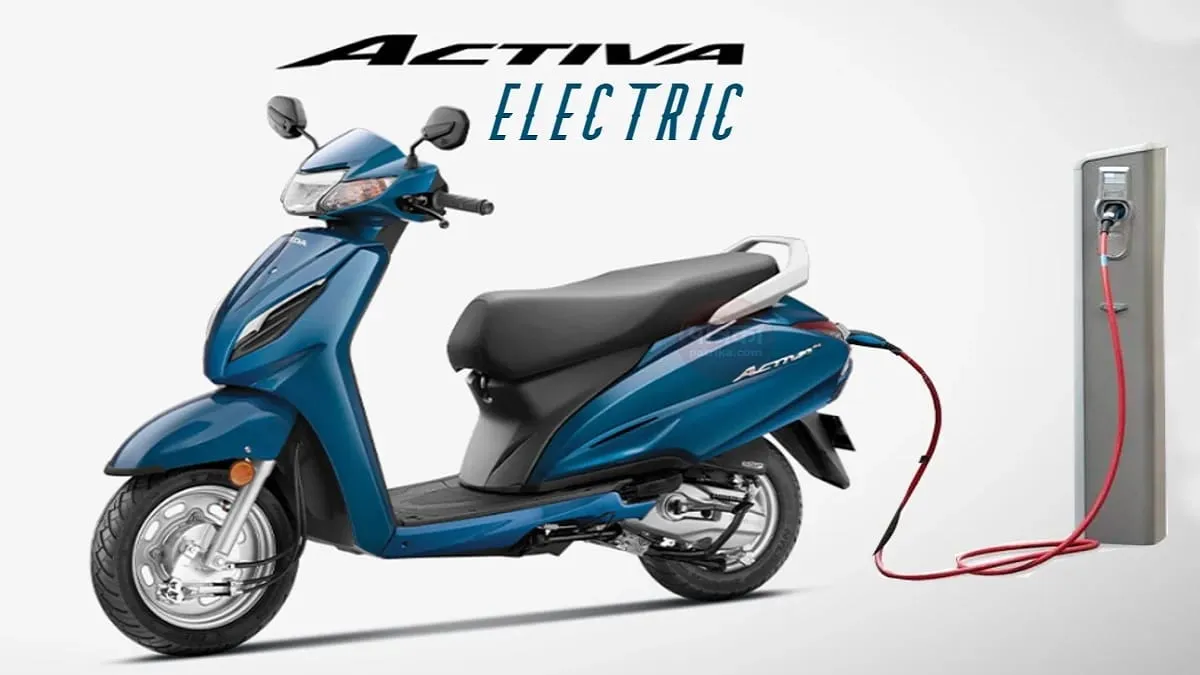 Honda Activa Electric Scooter-NewsonReel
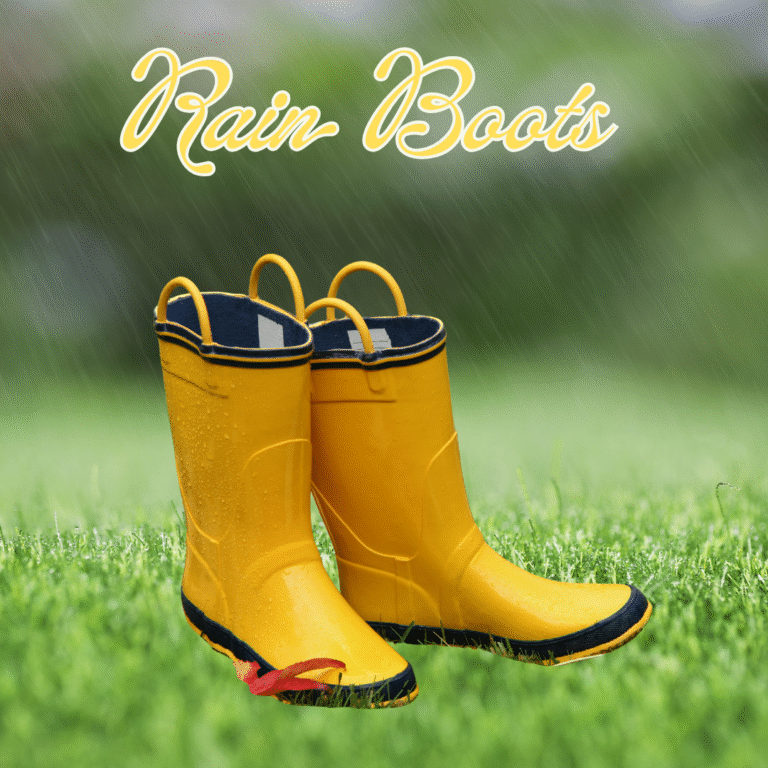 Stylish Rain Gear For The Whole family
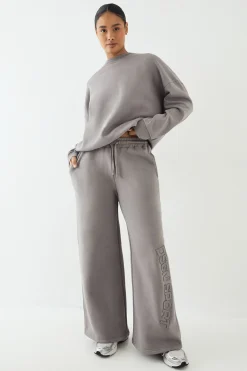 DSGN Studio Sweat-shirt Oversize avec Appliqué en Tissu Assorti<Femme Sweats À Capuche Et Sweatshirts|Dsgn Studio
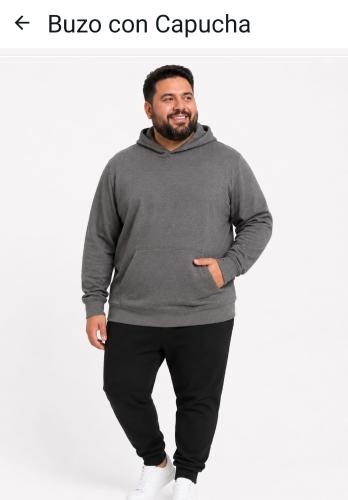 Buzo  Capucha por Pedido
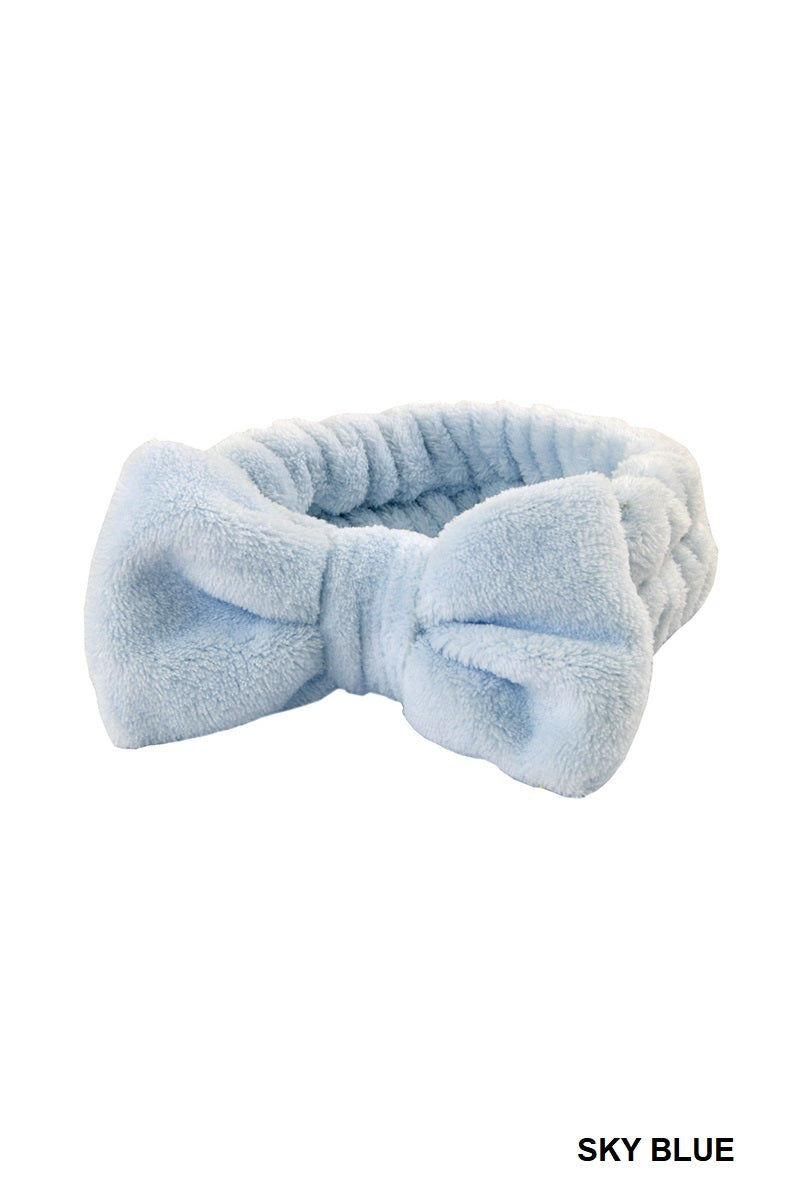 Spa Bow Headband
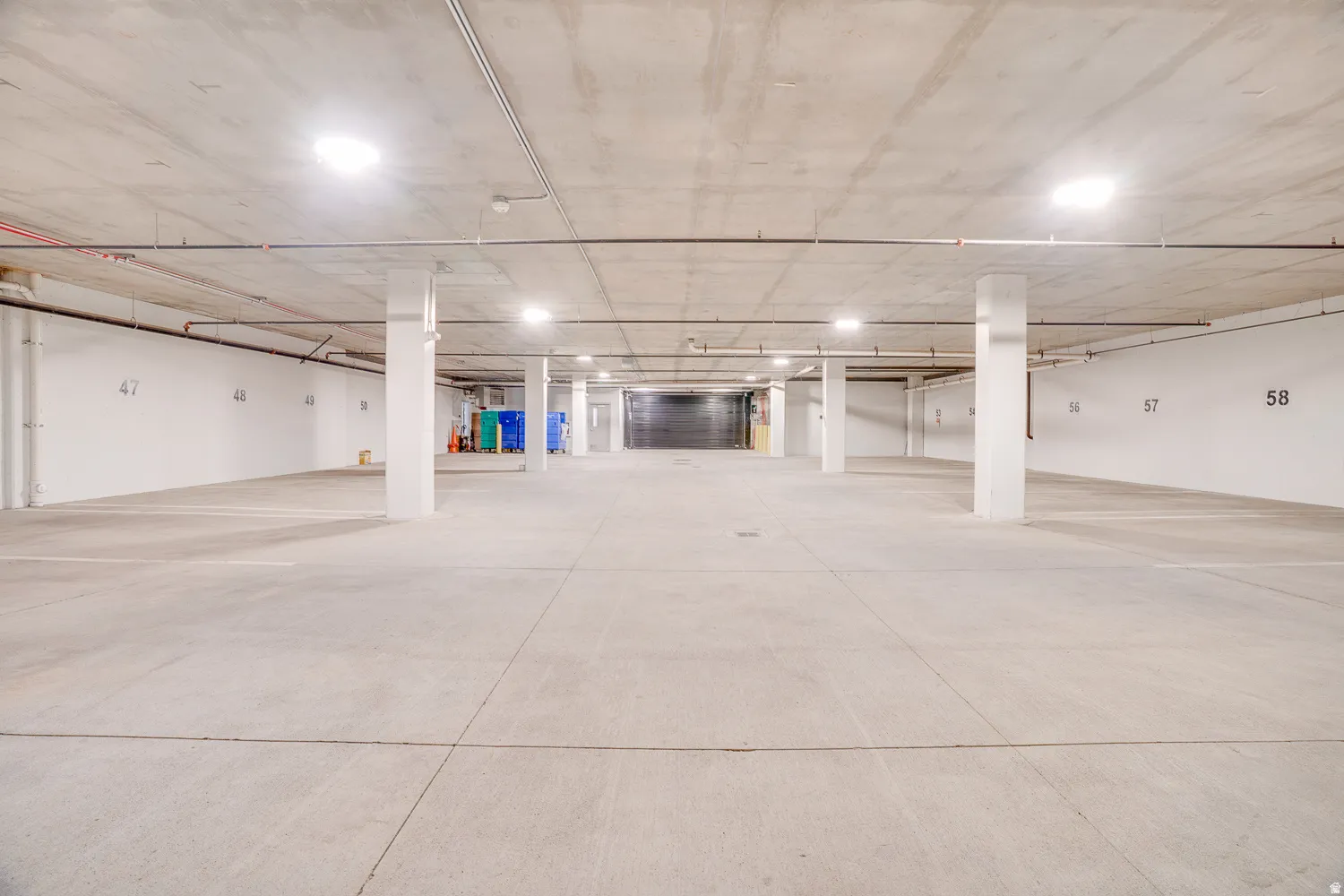 View of basement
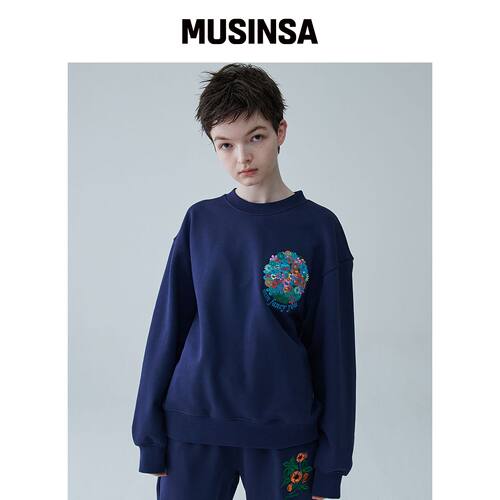 MIMICAWE POPPY FANCY 运动衬衫/婴儿韩国官网直邮进口MUSINSA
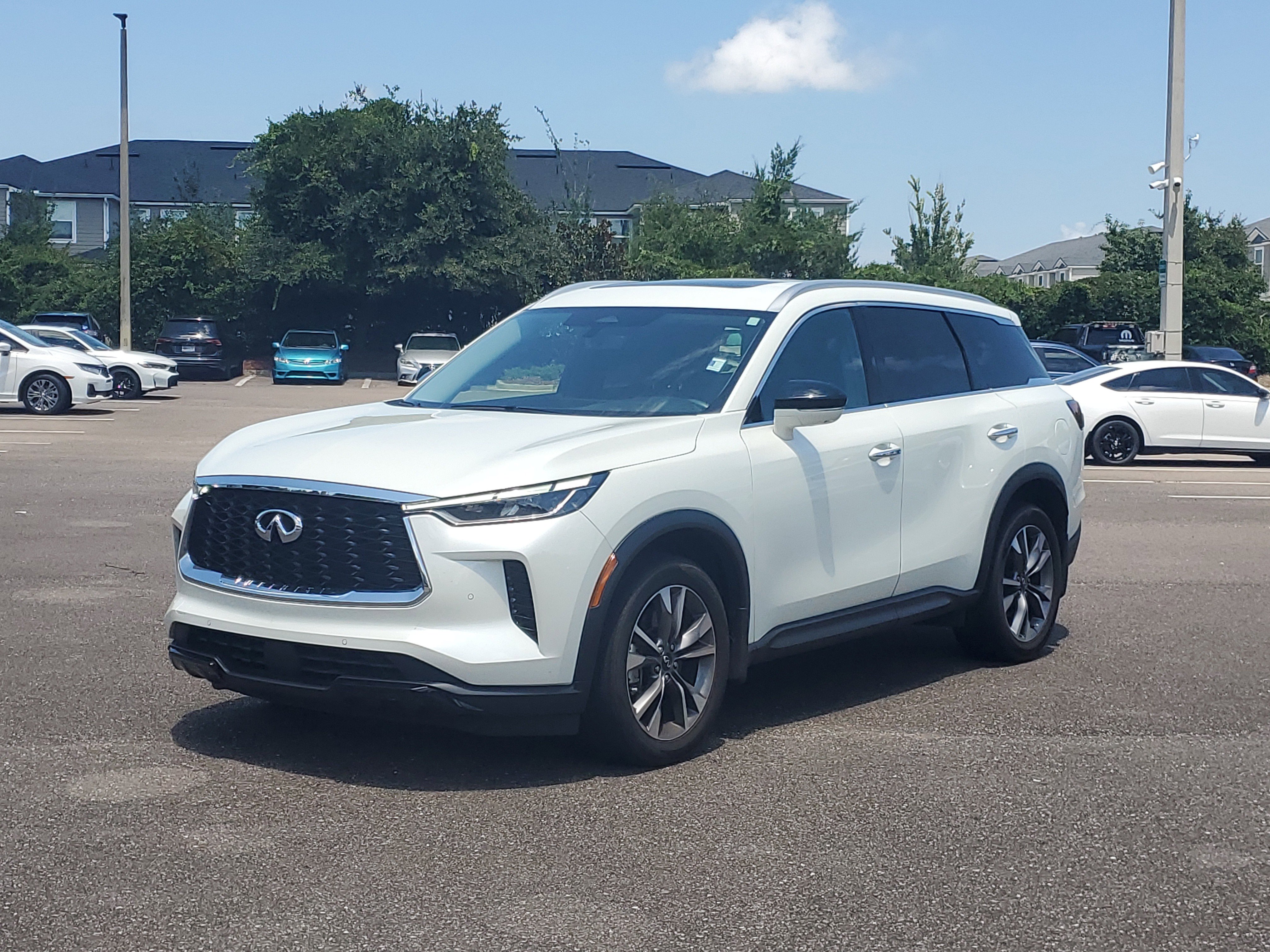 Used 2023 INFINITI QX60 Luxe image 36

○ ○ ○

Required action | Extract, word for word, each line from the top of the data down to and including the line with "View of basement"; skip the pictures.

Solution for this exercise |
 Honda Activa Electric Scooter-NewsonReel
 Stylish Rain Gear For The Whole family
 DSGN Studio Sweat-shirt Oversize avec Appliqué en Tissu Assorti<Femme Sweats À Capuche Et Sweatshirts|Dsgn Studio
 Buzo  Capucha por Pedido
 Spa Bow Headband
 View of basement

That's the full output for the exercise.